I struggle to see how connecting two points (with holes 1, 2 & 3, 4 on the below diagram), that are only separated by the same box section steel can have any noticeable benefit ?

There's no triangulation going on and no cross bracing from one side of the car to the other etc.

Are the chassis rails really moving enough in that plane to get a noticeable difference ... ?



With reference to the above - if the Steeda's marketing guys haven't even jumped on it, I think that tells us all we need to know ...

@tj@steeda - If there is a genuine benefit, why not make a system where the jacking rail is truly full length (including your IRS mounting points and the empty hole behind them), that bolts on using all 7 holes per side and with a slightly modified IRS brace that bolts on through the rail using the existing holes (5 & 6) ?

1678878127232.png


If the rails genuinely add stiffness, the above suggestion would give you an improved fully braced rail and all the existing benefits of your IRS support braces :like:

WD :like:
You're correct, there isn't any benefit from installing "jacking rails" OTHER THAN being able to jack up a vehicle WITHOUT crushing the "pinch welds" of where the body shell sheet metal is joined.

Knowledge sharing for others who are new to Mustangs:

The pinch weld is the location under the driver or passenger side rocker and is the junction where the floor pan meets the rocker - two entirely separate pieces of stamped/formed steel that is welded together to make part of the "unibody".

All Mustangs since inception have a pinch weld (as do other vehicles) and the Mustang is also a unibody design with no actual frame separate of the body.

By placing a jacking rail next to (or even if over) a pinch weld only provides a rigid base to jack the vehicle. It's NOT joining the front and rear floor pan "sub-frame rails" together as a sub-frame connector is designed to do.

The only other way a jacking rail could be a benefit would be if the car wrecked and the inertia or forces that be tried to bend the floor pan in half front to back where that rigid "bar" may not give - but if the forces were great enough, would just pop or rip the bar from its bolted location.

---

Sub-frame connectors for an unibody vehicle are designed to join the front and rear frame rails together, where there is a gap between the front and rear rails.

On a unibody vehicle like the Mustang and with prior models to the S197, the L & R FRONT rails are sometimes "box-like" and could be separate from or integrated into the floor pan. They are normally located about 12"+ inward from the rocker towards trans tunnel, extend from the base of the fire wall floor pan and terminate just before the driver and passenger seats.

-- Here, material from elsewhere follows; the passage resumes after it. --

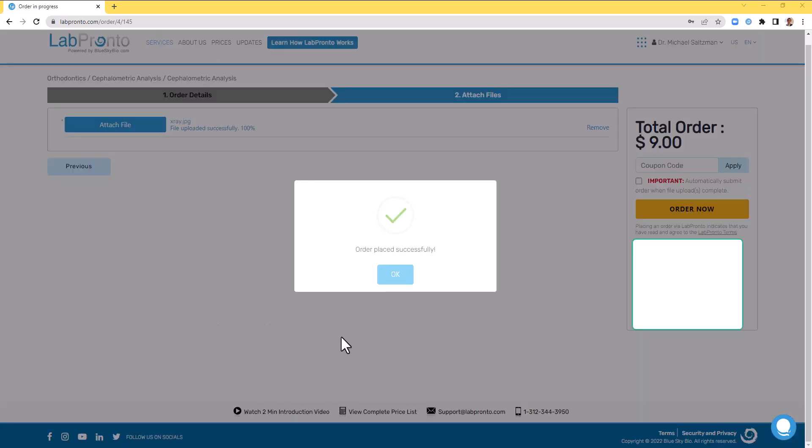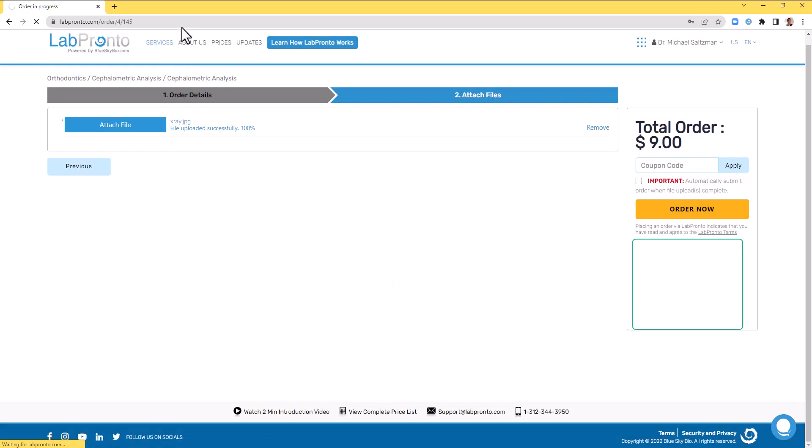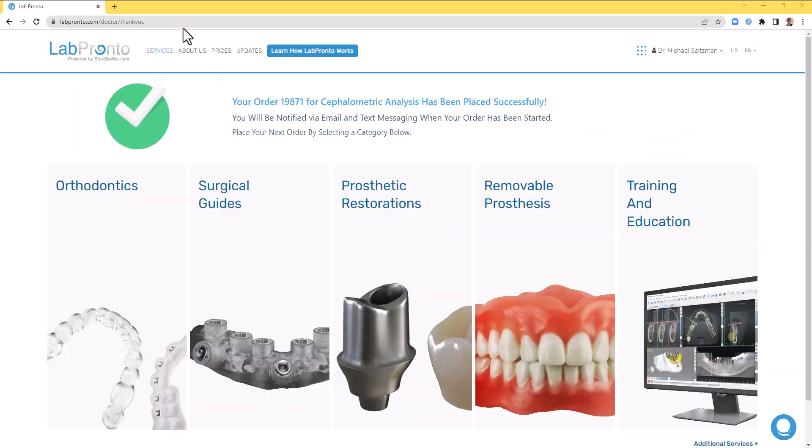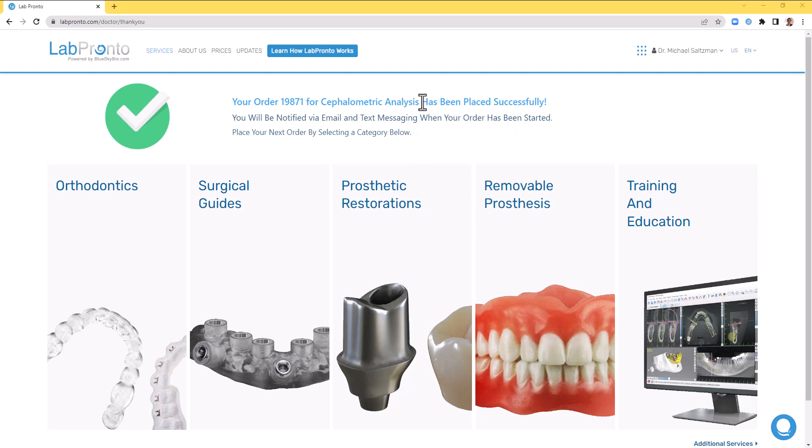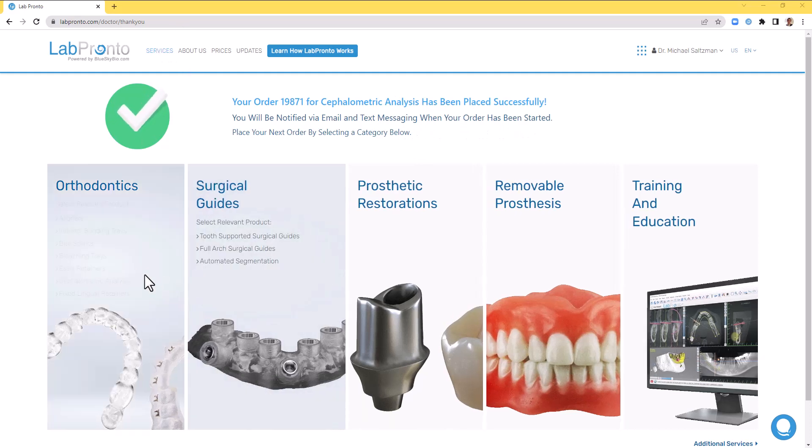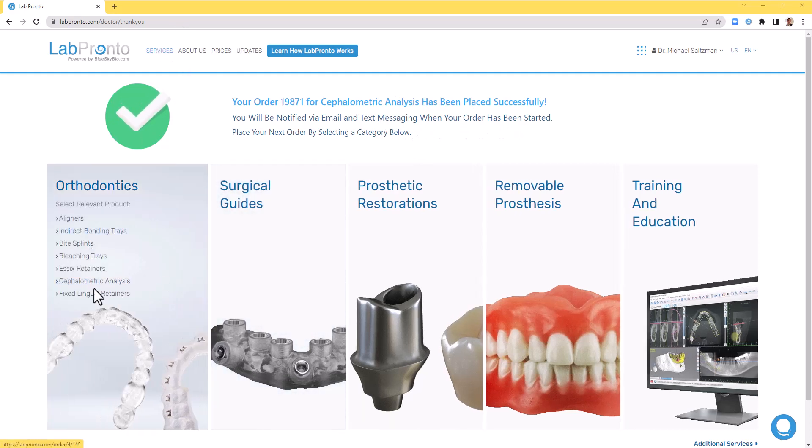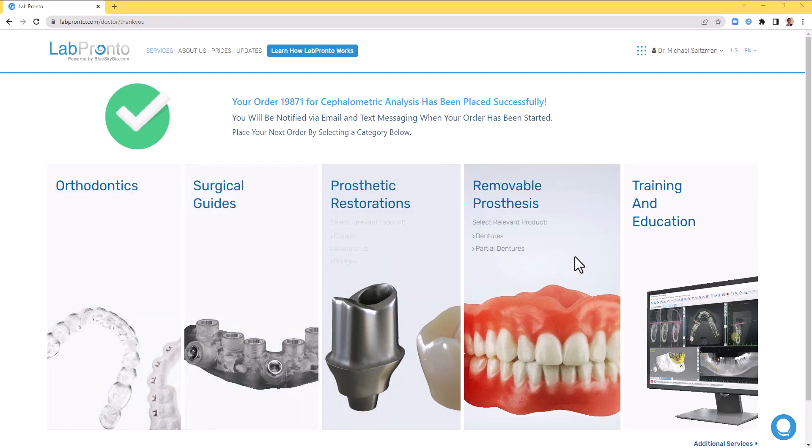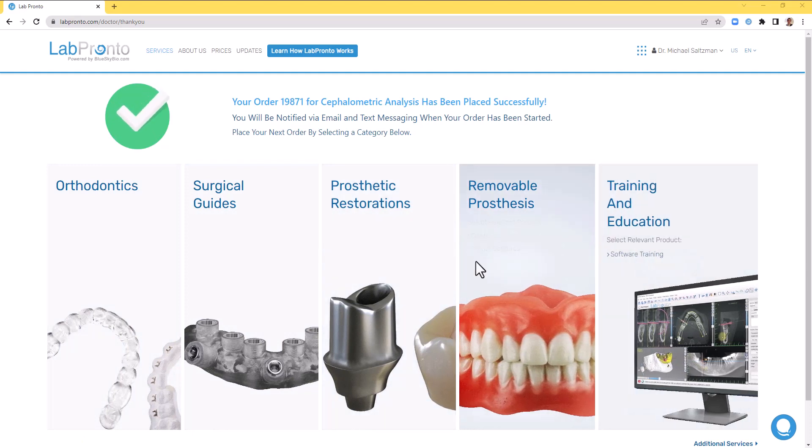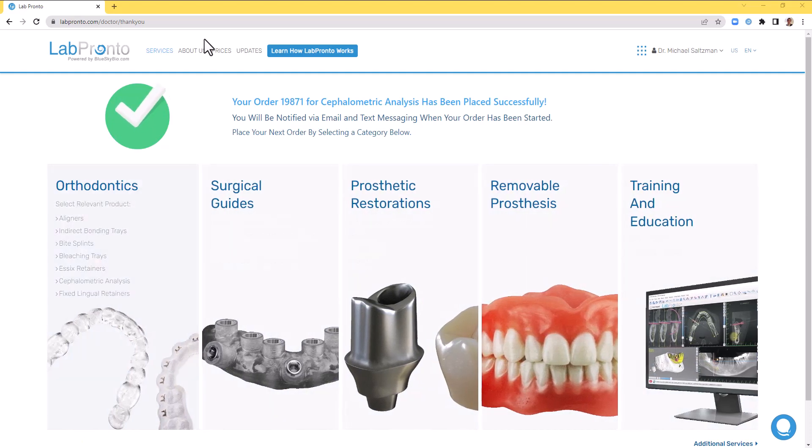Confirmation: order placed successfully. And we can see the message. You'll be notified by email and text message when your order has been started. At this point, you can go ahead and place your next order without interfering with the processing of the order that you have just placed.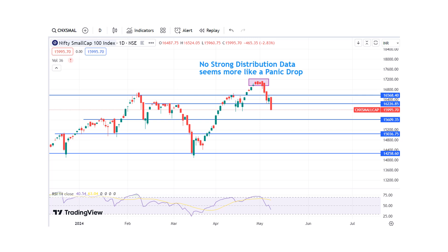Looking at the current situation, the market went sideways for a decent time. Even in February 2024, where the market went sideways and then corrected a good 15 percent, the distribution data was not that great — it was more like less accumulation. People get confused between less accumulation and distribution: less accumulation means big guys are buying fewer shares, while distribution is when they're actually exiting positions. That wasn't happening in Feb 2024 — accumulation just went low, causing a panic dip and then a V-shaped recovery, as we saw after the March 15th dip.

The REAR frame rails were again similar to the front, but start at further rear point of the rear uni-body, run along the rear floor pan and again usually terminate just under or just after the rear seat bottom location.

The idea behind sub-frame connectors is that it creates a rigid and now structural join that reinforces the large "gap" under the floor pan, joining the front and rear unibody together. This is beneficial for forces placed onto the vehicle from extreme use as in drag racing, road racing or even auto-X where the body is susceptible to forces beyond normal daily driving - and forces that could (and in some cases do) warp, bend, contort or damage the sheet metal when NOT joined by sub-frame connectors.

Sub-frame connectors came two ways:
- straight tubular OR boxed steel that was about 4ft in length and could be bolted through the ends of the front and rear sub-frame OR welded onto and along the lengths of the front and rear sub-frames which crates the "join".

- same design as noted above, BUT the secondary design came with cross bars that could be bolted or welded to the floor pan under the front seats. That secondary rigid piece of steel once installed with the sub-frame connector created a "T" shape. The cross bar would be mounted under the front driver seat and front passenger seat (1 bar per side). The bar was secured through the front seat bolts that go through the floor pan and were approx 1.5ft in length. This extra bar provided rigidity and support directly under the front seat area by not only tying those bolts together for the seat, but it was against the floor pan under the seating area and created more rigidity to floor pan for when (mainly driver seat) sees extreme forces of body weight transition.

Sub-frame connectors and jacking rails serve totally different purposes and are 2 totally different designs.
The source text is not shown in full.